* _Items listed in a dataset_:
-- Opening Marker --
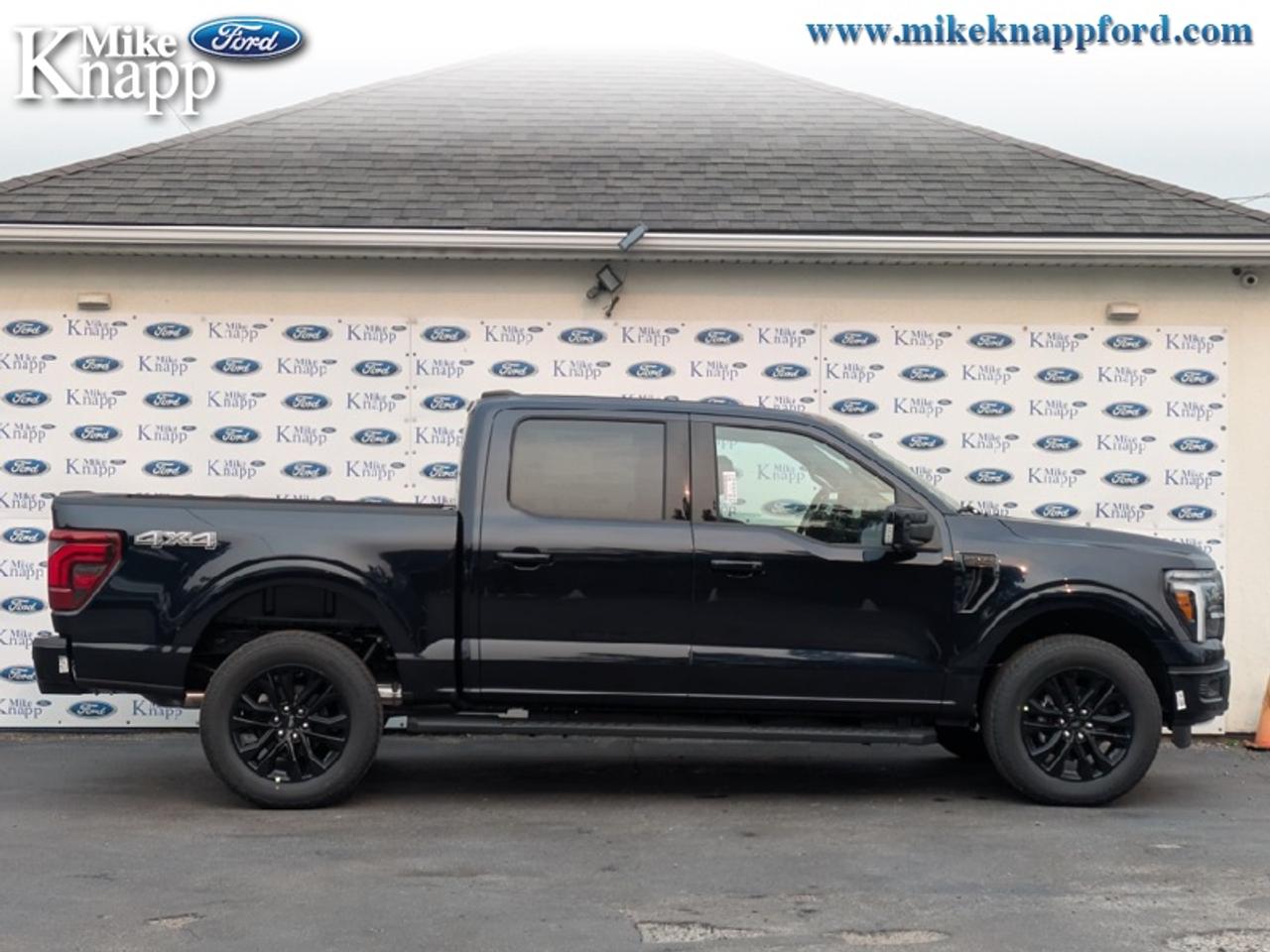2026 Ford F-150 Lariat Photo
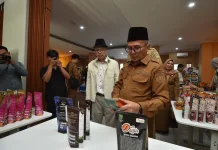 Ajak UMKM Naik Kelas. Pemkab Pasuruan Gelar Business Day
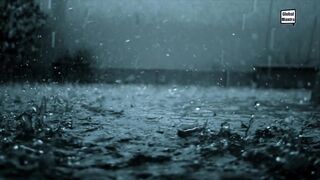 RAIN SOUNDS RELAXING 1 HOUR FOR SLEEP AND RELAXATION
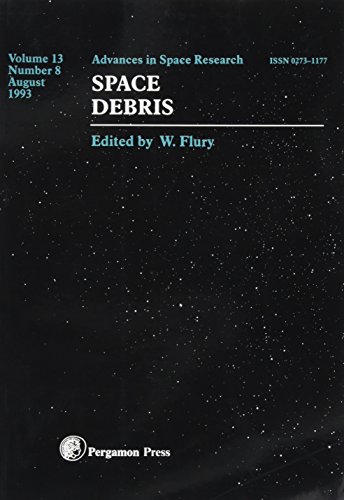 9780080423364: Space Debris (Advances in Space Research)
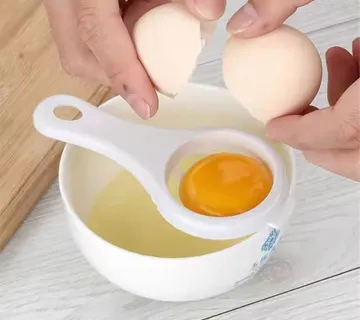 Separator za odvajanje žumanjaka od bjelanjaka - cover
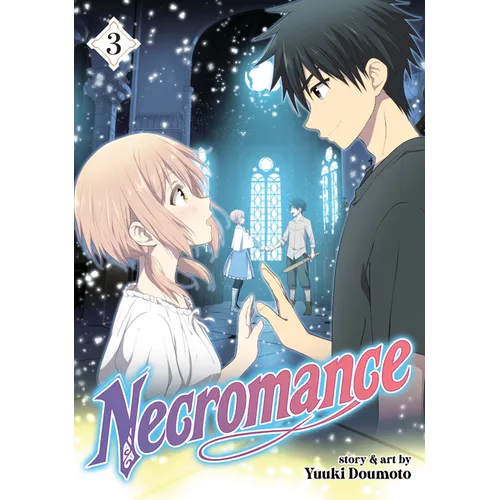 Necromance Vol. 3 - Paperback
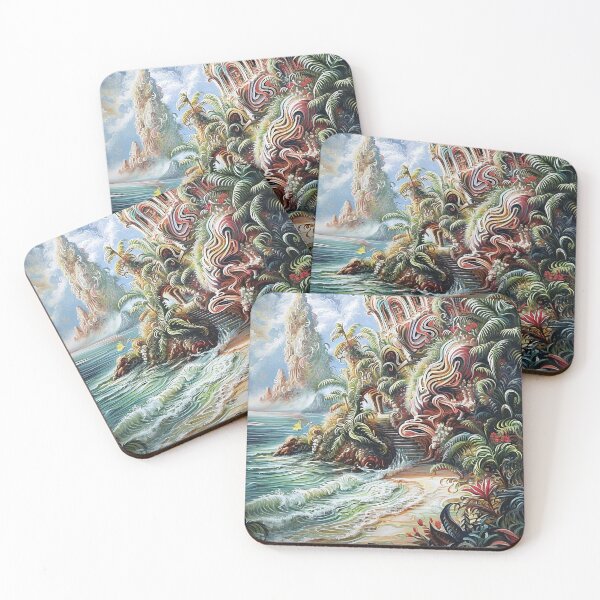 Item preview, Islander 9  designed and sold by Awesome-Artwork.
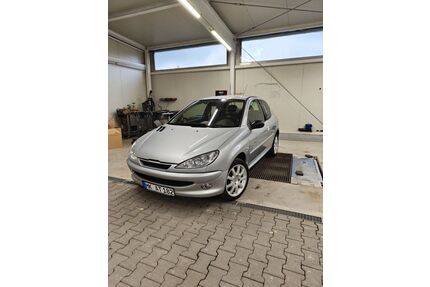 Peugeot 206 Gebrauchtwagen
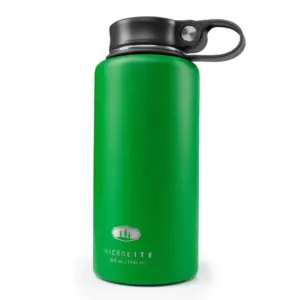 Gsi Outdoors Microlite 1000ml Thermosfles Campsite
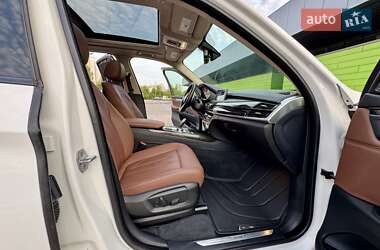 Внедорожник / Кроссовер BMW X5 2018 в 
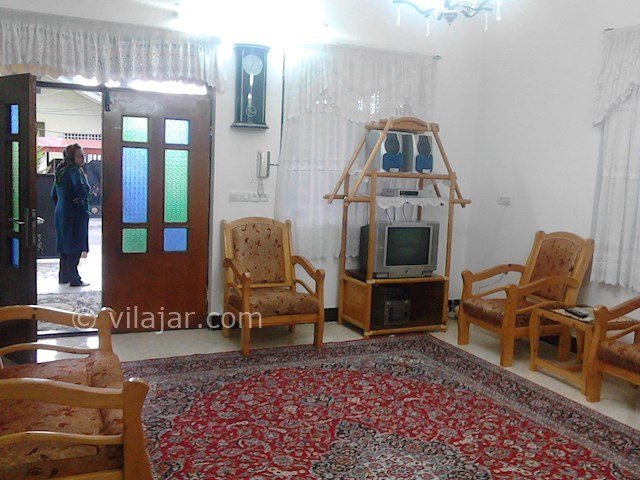 عکس شماره 49007 - اجاره ویلا ساحلی در شمال -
-- Closing Marker --
* _Problem to work on_: When the line containing "Внедорожник / Кроссовер BMW X5 2018 в" has been located, retype it and each line after it through the end of the records, excluding the pictures and adding nothing else.

* _Task result_:
 Внедорожник / Кроссовер BMW X5 2018 в 
 عکس شماره 49007 - اجاره ویلا ساحلی در شمال -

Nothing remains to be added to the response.